Aggression: It should go without saying, but any dog showing aggression to dogs or people is probably not a good sports prospect. A few sports can be managed with dogs who are somewhat aggressive to dogs who get very close to them. But any sport is going to involve dogs at some distance and accidents can happen. Group stays in obedience strike fear into many handlers' hearts because of repeated incidents of one dog charging and harming or terrifying another. In agility, dogs must pass close to each other getting in and out of the ring. In flyball competition, there are eight highly aroused dogs in the ring during each race, passing each other inches apart, at high speeds, with toys and food in the environment. Sports have judges, stewards and other people who will have to be near the dog, and may have to touch the dog (obedience, measuring for various sports). It is grossly unfair to an obedience judge to have to examine a dog who bites her, and grossly unfair to that dog to be placed into a situation where he feels the need to bite the judge.
A dog who shows some resource guarding over food or high value chewables toward very nearby dogs or people may be successful at sports. This is quite a normal behavior, and it's not terribly hard to manage in sports training and competition environments. An adopter experienced with this type of behavior is preferable. Other types of aggression are going to be triggered in more critical and less manageable ways and should rule a dog out of consideration as a sports prospect.
In conclusion: I could tell a million stories like this one: I had a student in a behavior class, a retired gentleman who'd bought a dog of a sporty breed to learn agility with in his retirement. He had bought half the inventory of Clean Run in his enthusiasm for his new sport, and his dog was doing very well learning the obstacles. The problem? She was cautious of strange people and outright aggressive with dogs who got closer than about 30 feet. He was not in a position to get another dog and he was not going to euthanize this one, so he soldiered on. Unfair to the dog, sad for the owner. Shame on (in this case) the breeder who sold a fearfully aggressive puppy to someone she knew was counting on doing agility with this pup!

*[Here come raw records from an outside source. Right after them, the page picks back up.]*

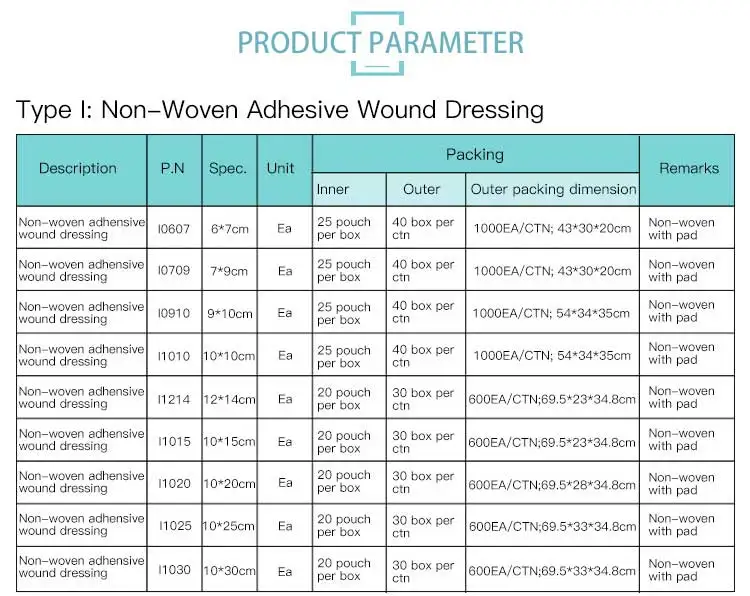 wound dressing (2).jpg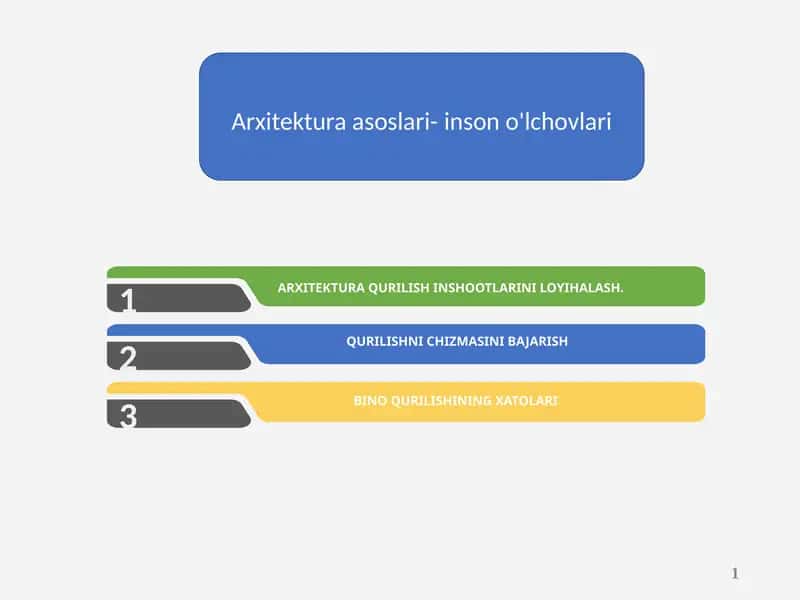 Arxitektura asoslari- inson o'lchovlari 1
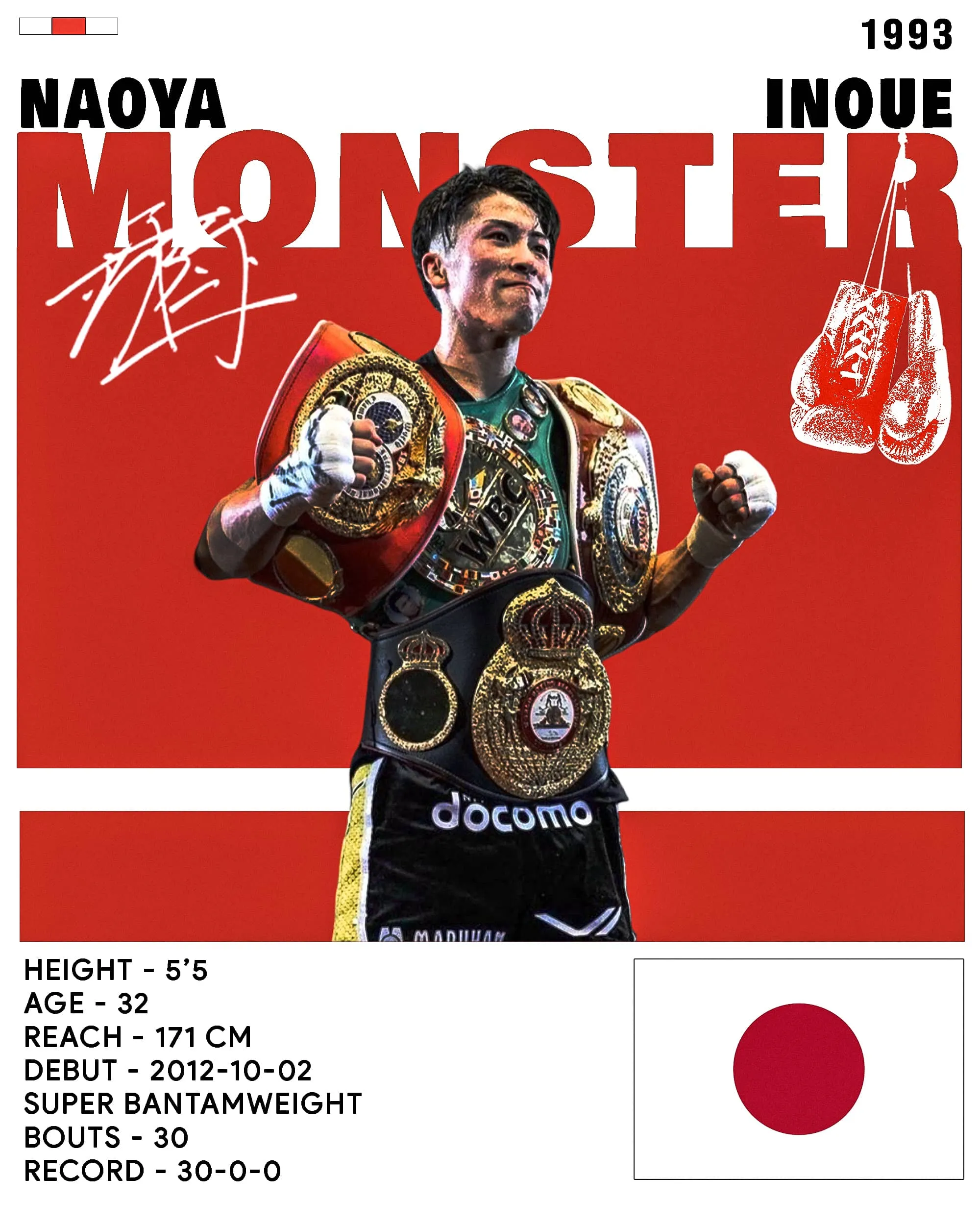 Naoya Inoue Monster boxing poster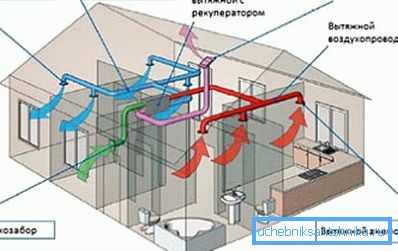 Diagram of a fully mechanical ventilation system Diagram of a fully mechanical ventilation system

If you've gotten the impression that very few dogs are going to measure up as potential sports prospects and you're right. Again, sports handlers are looking for prospects, not projects. They can probably get what they want from a breeder, but some prefer, or are willing, to consider a second-hand dog if they can find what they want. Don't try to turn a sow's ear into a silk purse: you will lose credibility and alienate adopters. If you would like to try to market some dogs as sports prospects, consider (a) getting an outside pair of eyes to assess the dog physically and emotionally, (b) getting some decent video of the dog playing and moving, and (c) getting some quality "stacked shots" of the dog standing still. Remember that sports adopters have unusually specific requirements - much more so than most pet homes which need not be so picky about size, structure, or confident, drivey temperaments. There are some absolutely amazing rescued sports dogs out there. I hope you have the privilege of placing one soon.